Back home, meanwhile, there has been a worrying deterioration in the security situation. Unrest that began last week in Jerusalem was followed, in turn, by renewed Kassam missile attacks in the south and violence that left four Palestinians dead on the West Bank. Palestinian Authority President Mahmoud Abbas added to the tension Monday by declaring that the Palestinian people had a right to resistance against occupation.

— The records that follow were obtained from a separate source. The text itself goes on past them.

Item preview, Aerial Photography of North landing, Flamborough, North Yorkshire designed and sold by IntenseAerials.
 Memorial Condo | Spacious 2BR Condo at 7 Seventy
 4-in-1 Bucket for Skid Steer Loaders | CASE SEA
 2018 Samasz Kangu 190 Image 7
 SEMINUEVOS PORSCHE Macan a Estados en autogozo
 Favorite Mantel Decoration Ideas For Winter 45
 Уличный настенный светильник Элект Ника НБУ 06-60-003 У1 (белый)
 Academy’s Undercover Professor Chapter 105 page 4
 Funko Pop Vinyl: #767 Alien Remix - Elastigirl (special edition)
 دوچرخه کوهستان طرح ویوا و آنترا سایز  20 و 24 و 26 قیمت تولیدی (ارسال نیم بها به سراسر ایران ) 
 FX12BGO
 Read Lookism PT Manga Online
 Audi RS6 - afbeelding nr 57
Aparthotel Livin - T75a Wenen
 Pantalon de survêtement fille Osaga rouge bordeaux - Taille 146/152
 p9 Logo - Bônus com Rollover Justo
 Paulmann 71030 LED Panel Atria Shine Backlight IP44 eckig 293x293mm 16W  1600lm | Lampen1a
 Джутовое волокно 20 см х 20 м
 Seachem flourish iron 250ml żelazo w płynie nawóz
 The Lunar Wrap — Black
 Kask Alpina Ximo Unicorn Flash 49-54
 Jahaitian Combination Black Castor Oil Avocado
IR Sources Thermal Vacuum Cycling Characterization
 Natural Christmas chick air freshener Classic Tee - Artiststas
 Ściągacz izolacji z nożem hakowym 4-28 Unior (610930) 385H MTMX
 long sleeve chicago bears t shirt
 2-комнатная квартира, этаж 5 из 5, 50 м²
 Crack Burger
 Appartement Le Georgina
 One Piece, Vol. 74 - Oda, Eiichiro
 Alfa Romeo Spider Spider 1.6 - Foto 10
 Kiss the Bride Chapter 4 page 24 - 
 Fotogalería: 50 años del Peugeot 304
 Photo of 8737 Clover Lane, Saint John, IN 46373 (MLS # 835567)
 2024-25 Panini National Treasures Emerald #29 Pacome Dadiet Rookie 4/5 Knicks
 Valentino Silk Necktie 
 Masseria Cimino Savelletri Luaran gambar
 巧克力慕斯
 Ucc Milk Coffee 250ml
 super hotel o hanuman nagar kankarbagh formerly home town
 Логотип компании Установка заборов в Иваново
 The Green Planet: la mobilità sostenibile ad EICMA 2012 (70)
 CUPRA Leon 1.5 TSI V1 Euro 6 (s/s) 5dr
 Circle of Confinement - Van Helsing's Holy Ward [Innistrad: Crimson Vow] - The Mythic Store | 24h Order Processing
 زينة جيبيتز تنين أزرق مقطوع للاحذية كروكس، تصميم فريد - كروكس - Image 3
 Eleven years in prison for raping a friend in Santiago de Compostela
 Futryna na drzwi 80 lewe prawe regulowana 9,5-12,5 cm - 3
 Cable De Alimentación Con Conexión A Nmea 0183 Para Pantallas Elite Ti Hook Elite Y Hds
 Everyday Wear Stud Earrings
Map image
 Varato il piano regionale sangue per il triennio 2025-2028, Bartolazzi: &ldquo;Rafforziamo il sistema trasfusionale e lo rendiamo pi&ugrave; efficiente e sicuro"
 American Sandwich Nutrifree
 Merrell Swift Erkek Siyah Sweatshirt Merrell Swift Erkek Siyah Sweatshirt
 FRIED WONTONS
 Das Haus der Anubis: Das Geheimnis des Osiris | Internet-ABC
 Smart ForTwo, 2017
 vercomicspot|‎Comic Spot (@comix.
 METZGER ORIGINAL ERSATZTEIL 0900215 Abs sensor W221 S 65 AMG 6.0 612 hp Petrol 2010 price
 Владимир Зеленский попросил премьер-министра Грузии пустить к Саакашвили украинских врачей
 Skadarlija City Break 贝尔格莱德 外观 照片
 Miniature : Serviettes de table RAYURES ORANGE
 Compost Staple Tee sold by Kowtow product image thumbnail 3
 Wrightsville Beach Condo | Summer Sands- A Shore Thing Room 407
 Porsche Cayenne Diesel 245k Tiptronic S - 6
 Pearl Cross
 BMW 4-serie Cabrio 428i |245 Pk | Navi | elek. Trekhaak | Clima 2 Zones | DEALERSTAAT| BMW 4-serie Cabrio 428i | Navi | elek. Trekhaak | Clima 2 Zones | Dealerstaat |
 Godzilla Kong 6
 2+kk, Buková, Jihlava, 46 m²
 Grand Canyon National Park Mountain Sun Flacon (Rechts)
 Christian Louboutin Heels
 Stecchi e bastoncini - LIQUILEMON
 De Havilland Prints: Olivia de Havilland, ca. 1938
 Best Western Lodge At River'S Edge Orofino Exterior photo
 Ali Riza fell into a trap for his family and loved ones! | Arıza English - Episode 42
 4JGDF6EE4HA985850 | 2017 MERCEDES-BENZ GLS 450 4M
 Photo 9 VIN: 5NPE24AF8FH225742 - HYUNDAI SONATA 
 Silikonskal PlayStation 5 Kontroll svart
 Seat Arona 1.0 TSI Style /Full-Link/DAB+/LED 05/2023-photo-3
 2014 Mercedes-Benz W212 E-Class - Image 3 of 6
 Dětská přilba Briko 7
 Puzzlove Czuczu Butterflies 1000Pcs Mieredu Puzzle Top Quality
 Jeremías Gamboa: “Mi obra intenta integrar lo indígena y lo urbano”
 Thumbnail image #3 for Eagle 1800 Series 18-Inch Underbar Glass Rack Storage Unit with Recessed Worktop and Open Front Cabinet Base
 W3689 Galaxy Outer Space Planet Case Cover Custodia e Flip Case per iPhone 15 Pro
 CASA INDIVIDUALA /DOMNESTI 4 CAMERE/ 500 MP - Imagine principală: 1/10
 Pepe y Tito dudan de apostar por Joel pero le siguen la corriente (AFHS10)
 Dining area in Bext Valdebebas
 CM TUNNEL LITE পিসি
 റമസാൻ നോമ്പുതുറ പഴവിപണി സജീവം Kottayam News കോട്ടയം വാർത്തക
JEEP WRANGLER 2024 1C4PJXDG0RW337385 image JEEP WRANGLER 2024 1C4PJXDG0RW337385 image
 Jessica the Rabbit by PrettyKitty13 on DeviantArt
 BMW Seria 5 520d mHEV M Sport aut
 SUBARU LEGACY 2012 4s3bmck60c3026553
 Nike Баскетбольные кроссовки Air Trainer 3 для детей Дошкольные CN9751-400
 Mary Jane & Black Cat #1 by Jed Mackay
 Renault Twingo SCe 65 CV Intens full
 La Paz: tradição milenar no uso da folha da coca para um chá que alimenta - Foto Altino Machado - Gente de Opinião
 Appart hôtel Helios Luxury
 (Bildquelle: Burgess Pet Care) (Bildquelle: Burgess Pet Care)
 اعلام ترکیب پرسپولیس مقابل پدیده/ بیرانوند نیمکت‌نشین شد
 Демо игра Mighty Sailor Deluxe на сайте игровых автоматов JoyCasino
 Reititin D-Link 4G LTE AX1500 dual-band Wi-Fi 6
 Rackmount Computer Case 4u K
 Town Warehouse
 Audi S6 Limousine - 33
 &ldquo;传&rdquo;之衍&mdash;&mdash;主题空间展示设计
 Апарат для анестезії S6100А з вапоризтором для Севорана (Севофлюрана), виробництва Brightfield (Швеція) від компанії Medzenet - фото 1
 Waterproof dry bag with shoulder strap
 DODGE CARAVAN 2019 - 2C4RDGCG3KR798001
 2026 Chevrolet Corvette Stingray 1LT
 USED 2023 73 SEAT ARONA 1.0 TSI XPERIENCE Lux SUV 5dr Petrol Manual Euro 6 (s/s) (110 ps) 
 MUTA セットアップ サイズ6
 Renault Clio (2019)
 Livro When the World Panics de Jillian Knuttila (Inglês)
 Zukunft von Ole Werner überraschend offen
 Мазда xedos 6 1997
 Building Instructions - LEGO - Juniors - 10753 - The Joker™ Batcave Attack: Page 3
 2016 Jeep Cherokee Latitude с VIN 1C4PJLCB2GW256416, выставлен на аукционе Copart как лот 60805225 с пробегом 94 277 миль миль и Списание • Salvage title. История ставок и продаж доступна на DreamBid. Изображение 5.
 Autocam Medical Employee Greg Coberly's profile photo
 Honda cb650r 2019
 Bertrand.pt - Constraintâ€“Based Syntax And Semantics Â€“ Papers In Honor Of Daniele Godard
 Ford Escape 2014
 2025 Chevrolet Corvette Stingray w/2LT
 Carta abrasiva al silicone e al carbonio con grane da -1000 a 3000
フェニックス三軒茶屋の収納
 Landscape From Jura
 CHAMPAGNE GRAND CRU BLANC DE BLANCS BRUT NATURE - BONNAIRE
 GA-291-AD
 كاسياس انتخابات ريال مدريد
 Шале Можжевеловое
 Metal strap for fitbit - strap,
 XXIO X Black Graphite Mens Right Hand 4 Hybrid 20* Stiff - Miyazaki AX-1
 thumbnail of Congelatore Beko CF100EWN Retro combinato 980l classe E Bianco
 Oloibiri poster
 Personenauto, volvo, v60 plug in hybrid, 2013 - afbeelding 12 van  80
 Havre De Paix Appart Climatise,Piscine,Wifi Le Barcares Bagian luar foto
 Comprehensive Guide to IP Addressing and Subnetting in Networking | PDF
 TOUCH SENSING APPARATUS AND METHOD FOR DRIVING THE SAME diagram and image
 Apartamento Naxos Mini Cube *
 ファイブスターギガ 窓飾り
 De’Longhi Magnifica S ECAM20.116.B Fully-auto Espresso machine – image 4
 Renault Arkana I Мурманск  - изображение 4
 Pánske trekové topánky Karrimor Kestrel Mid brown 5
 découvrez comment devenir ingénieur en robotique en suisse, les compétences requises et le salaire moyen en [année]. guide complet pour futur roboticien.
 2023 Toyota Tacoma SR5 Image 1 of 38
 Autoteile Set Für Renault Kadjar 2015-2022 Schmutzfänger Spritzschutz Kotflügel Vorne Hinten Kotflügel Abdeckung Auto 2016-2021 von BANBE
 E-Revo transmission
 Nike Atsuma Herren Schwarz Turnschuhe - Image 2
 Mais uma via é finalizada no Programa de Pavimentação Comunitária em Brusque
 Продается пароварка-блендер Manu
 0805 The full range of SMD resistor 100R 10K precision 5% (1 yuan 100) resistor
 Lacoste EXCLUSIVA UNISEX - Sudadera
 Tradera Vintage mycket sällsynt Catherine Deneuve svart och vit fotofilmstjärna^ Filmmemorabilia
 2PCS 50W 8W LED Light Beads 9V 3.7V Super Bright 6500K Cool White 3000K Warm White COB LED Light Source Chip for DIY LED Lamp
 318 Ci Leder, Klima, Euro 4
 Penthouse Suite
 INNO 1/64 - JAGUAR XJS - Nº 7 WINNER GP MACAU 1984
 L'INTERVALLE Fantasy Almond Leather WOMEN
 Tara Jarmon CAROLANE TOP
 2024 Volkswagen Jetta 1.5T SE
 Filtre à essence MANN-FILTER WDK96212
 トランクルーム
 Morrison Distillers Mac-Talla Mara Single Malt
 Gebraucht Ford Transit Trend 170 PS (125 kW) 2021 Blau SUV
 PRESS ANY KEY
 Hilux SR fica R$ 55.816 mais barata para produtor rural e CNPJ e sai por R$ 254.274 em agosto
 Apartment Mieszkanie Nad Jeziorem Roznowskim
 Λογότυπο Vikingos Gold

It’s hard to escape the conclusion that the new spurt of violence is connected, at least in part, to the Obama administration’s deliberately reignited public criticism of Israel for the Ramat Shlomo blunder. And we are concerned that disproportionate ongoing criticism, especially in the absence of markedly increased US pressure on the PA and the Arab world toward normalization with Israel, can only further embolden intransigence and violence.
THE FIRST casualty of the current violence was a Thai man working in a greenhouse in the Netiv Ha’asara area near the Gaza Strip, killed Thursday by a Kassam rocket. Hamas had largely held its fire as it attempted to regroup after last year’s Operation Cast Lead. A previously unknown al-Qaida-inspired organization took responsibility for the attack, which led to a retaliatory IAF attack on Friday morning and then more Kassams.
In the West Bank on Saturday, two cousins, Mohammed Qadus and Osayad Qadus, were among rock-throwing protesters in Burin who were shot by IDF troops, later dying of their wounds.
On Sunday, 100 Palestinians clashed with security forces near Tekoa, while that same afternoon, two Palestinians were killed after allegedly attacking IDF soldiers with sharp objects at a checkpoint southwest of Nablus.
Several factors may have contributed to this new wave of violence. Iran, for one, has an interest in diverting attention away from its nuclear weapons efforts by getting the Quartet and the UN to focus on Israel. Hamas, while perhaps still interested in quiet in Gaza, mobilized Palestinians in the West Bank last week around the Ramat Shlomo dispute and would dearly like to expand its West Bank influence.
True, PA security forces, trained under the auspices of Lt.-Gen. Keith Dayton, head of the US’s Security Coordinators Team in Israel and the West Bank, are stationed to prevent such a scenario. But cracks may be forming in Abbas’s Fatah.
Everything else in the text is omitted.